The Past Is Passed: Now, Turn Data Into Insight
The real question for today and tomorrow is this: How do you turn Big Data into truly meaningful insights that put you ahead of your competition?
The old ways of analyzing data — econometric models and the like — simply cannot deal with today’s data deluge. They can’t deal with continuous change in the explanatory variables or unstructured data like images or social media posts. And even if you managed to build a good model today using these traditional analytical tools, it will probably be totally out of date within just a few months — and trashing lots of good work and generating unactionable insights.
Even some of the newer approaches, which can handle Big Data sources, are increasingly problematic. Many companies have learned to mine social media data for sentiment analysis, but the biggest generators of social media no longer allow direct access to raw data, so this doesn’t work anymore. In the past, companies used crawlers to glean e-commerce data, but today most large e-commerce players like Amazon are smarter, faster, and more protective, so it’s much harder to get information at scale.
But here’s new news in Big Data: We are seeing the development and deployment of powerful new solutions every day that transform new volumes of data, new kinds of data, and new sources of data into insights much more intelligently. I’m talking about neural networks that can learn, reason, and adapt. Many of them can mimic great data analysts and scientists faster and at scale and without the risks of fatigue, attrition, knowledge transitions, etc.

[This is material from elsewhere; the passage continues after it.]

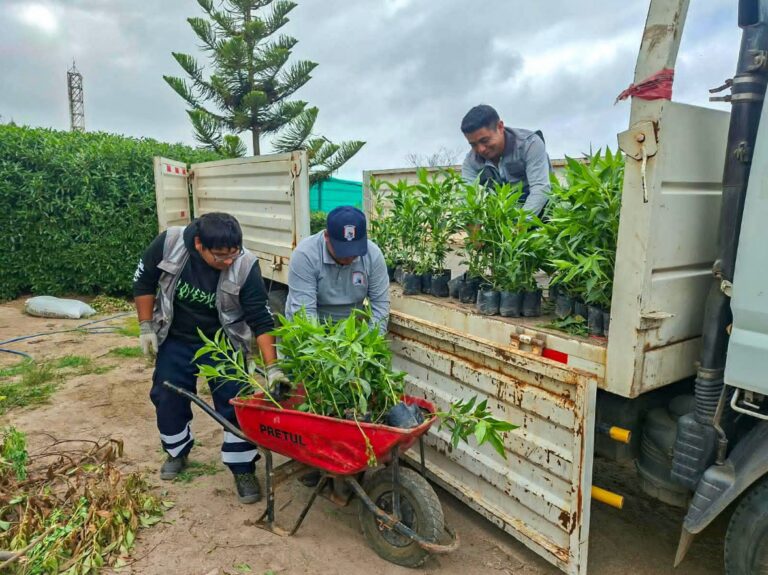 Samay dona 1100 plantones para áreas verdes de Islay-Matarani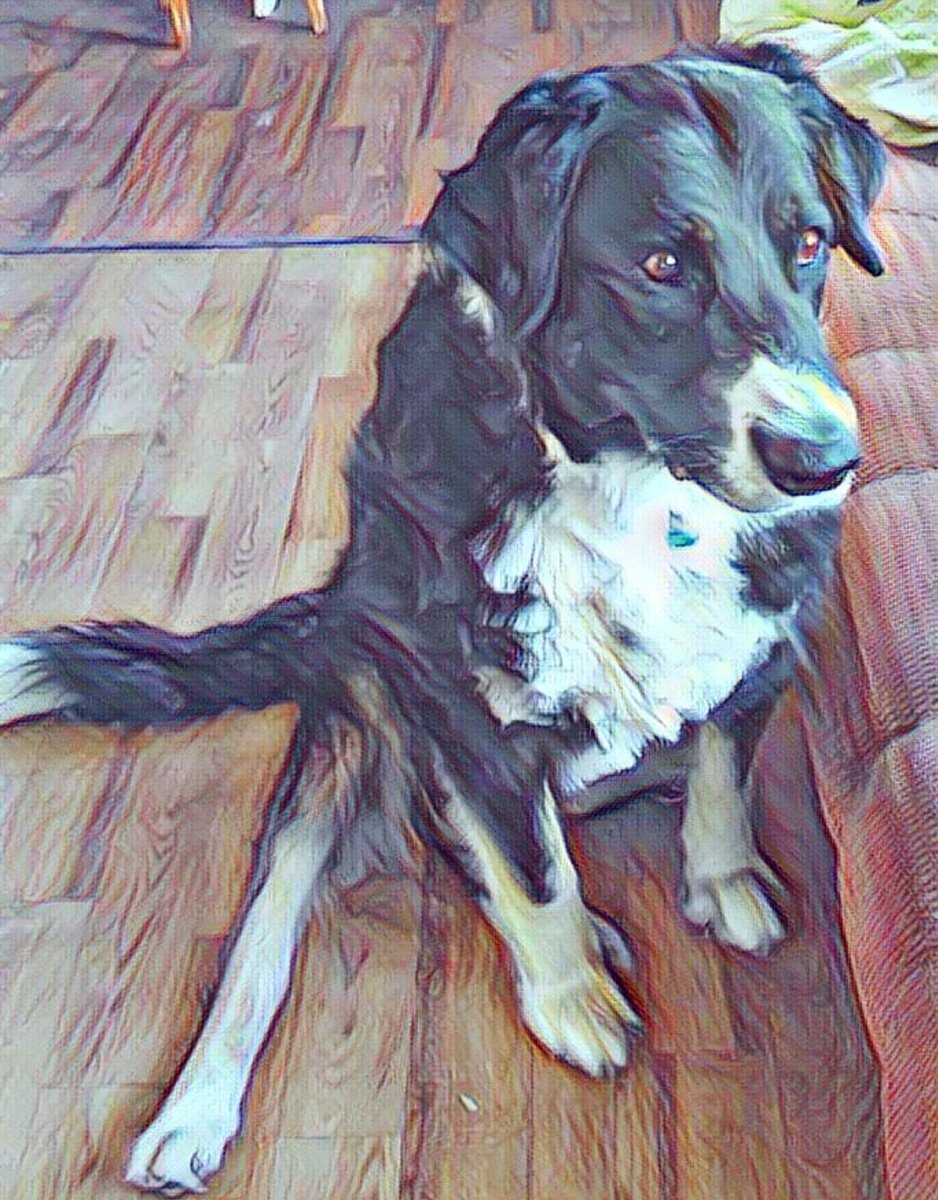 Личный архив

This is how you transform Big Data into Big Profits. But — and this is a very big “but” — the know-how required to put neural networks to work is not commonplace. The good news is that by properly focusing and narrowing on a problem/opportunity area, the challenge can be very profitably managed.

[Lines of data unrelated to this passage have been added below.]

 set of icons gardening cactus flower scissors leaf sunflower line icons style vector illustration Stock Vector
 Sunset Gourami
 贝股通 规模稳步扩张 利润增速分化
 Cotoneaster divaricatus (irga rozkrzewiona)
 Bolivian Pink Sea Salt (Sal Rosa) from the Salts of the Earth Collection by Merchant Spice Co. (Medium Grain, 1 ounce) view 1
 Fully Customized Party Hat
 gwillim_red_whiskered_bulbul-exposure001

A Specific Example: Bringing Intelligence to Life
Let me describe a recent Brillio engagement that demonstrates the kind of neural network-driven Big Data solution that is not just possible, it’s real and unbelievably powerful.

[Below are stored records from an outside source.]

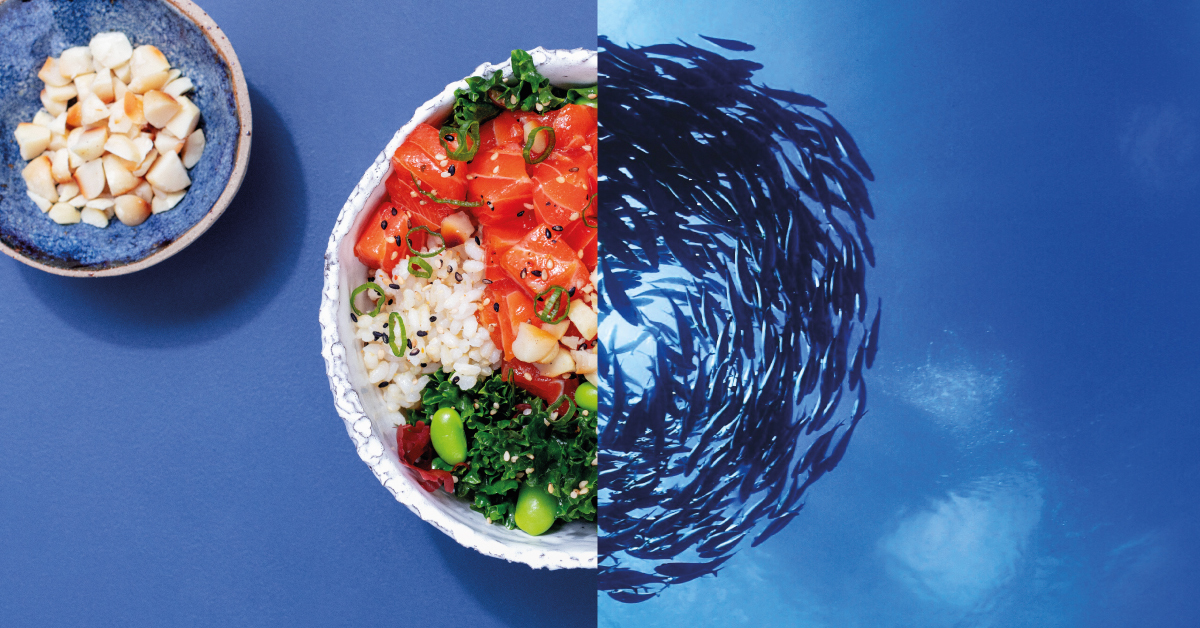 MSC sustainable seafood
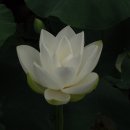 푼다리카 이미지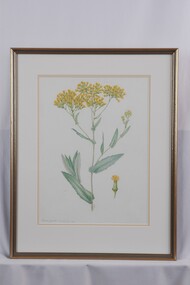 Drawing - Drawing, Botanical, Collin Elwyn Woolcock, Senecio Odoratus (Scented Groundsel), 1985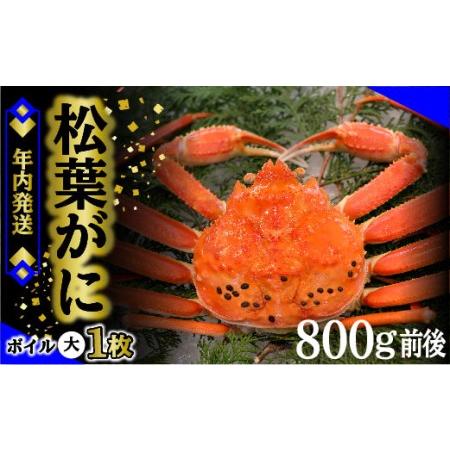 ふるさと納税 1.松葉ガニ（ボイル）大1枚　約800ｇ※着日指定不可※北海道、沖縄、一部離島への配送不可《ずわいがに　.. 鳥取県琴浦町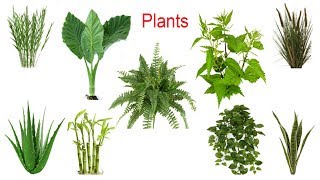 Plant Names Meaning amp Pictures  plants vocabulary [upl. by Anirat726]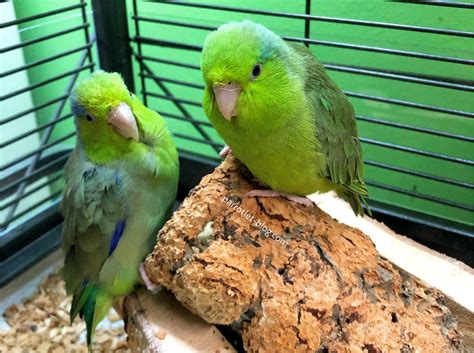 Cage Setup for Parrotlets - Parrotlet-Blog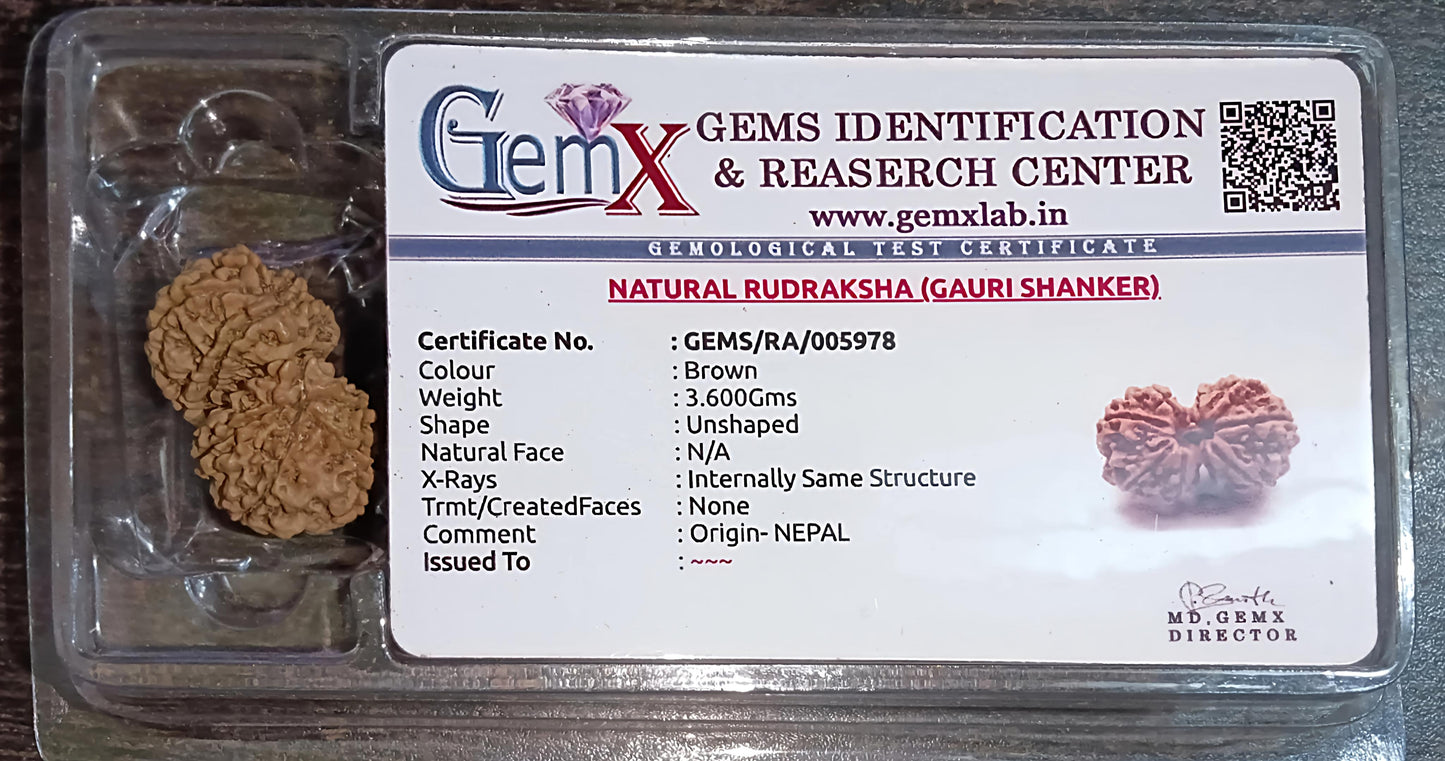 Gauri Shankar Rudraksha [Certified | Abhimantrit - Energized | 100% Original and Natural]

One of our clients is one of the largest consumer packaged goods (CPG) companies in the world. In the past, their field personnel would audit shelves in stores, a labor- and time-intensive effort to perform (a completely manual process) and to collate the data, massage it, and analyze it. They wanted to understand precisely and accurately what’s happening at the store level in something like real time.
Now, when field employees visit stores, they just need to open an app on their phone and take a few quick pictures of the shelves. The images are automatically uploaded to the cloud and analyzed in real-time — the system “reads” and interprets the photos and generates insights for both the field professional and the central team at the headquarters:
“Execution Violation Warning: Product X pricing should reflect the agreed campaign discount.”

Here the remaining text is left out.